Assignment:
Repeat exactly, and only, the lines of the entries below from the one with "LAUV Treetop Cabin" through the one with "X0000116031381200911271127", both ends included.

Data to examine:
-- Opening Marker --
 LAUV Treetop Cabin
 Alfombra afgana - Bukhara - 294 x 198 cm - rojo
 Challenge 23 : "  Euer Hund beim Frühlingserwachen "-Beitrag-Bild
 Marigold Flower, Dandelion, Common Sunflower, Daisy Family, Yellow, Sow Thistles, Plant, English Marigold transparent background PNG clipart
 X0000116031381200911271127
-- Closing Marker --
-- Opening Marker --
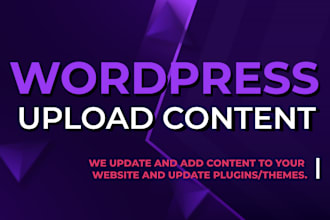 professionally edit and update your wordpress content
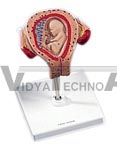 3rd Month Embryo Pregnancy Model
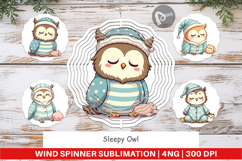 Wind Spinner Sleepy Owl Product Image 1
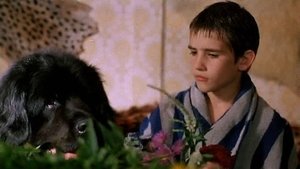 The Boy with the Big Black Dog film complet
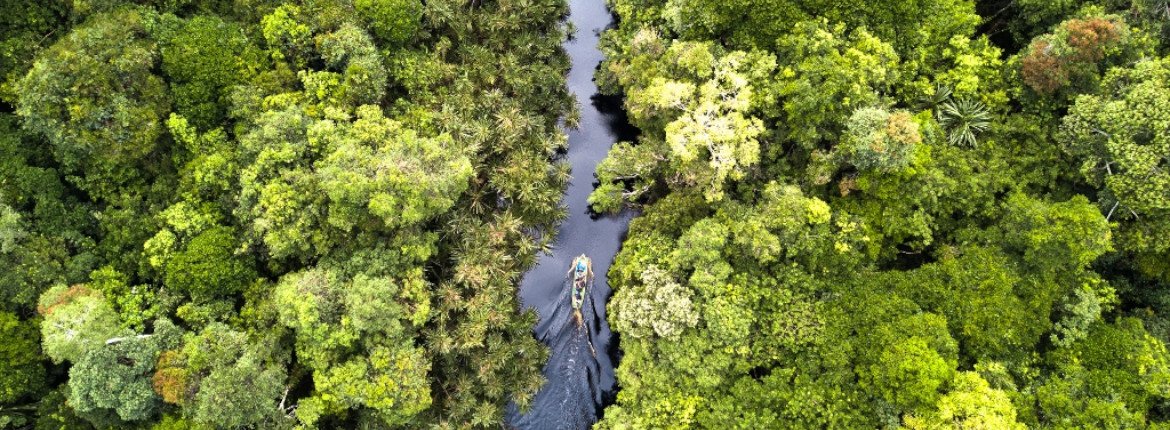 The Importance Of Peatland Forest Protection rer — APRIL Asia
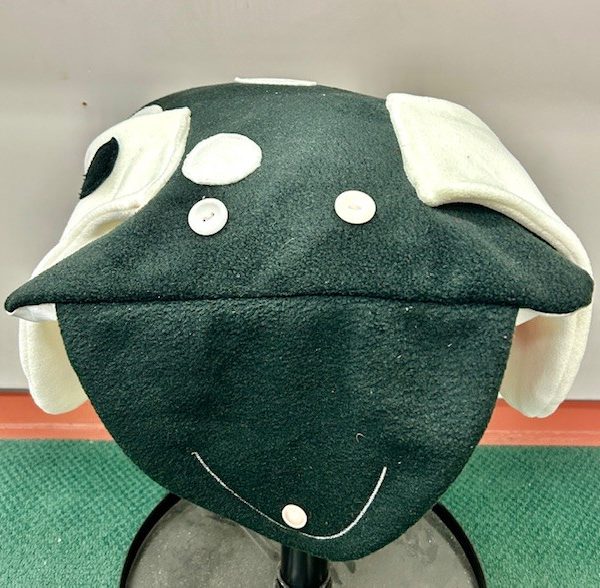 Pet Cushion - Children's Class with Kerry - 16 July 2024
-- Closing Marker --
Exercise solution:
 LAUV Treetop Cabin
 Alfombra afgana - Bukhara - 294 x 198 cm - rojo
 Challenge 23 : "  Euer Hund beim Frühlingserwachen "-Beitrag-Bild
 Marigold Flower, Dandelion, Common Sunflower, Daisy Family, Yellow, Sow Thistles, Plant, English Marigold transparent background PNG clipart
 X0000116031381200911271127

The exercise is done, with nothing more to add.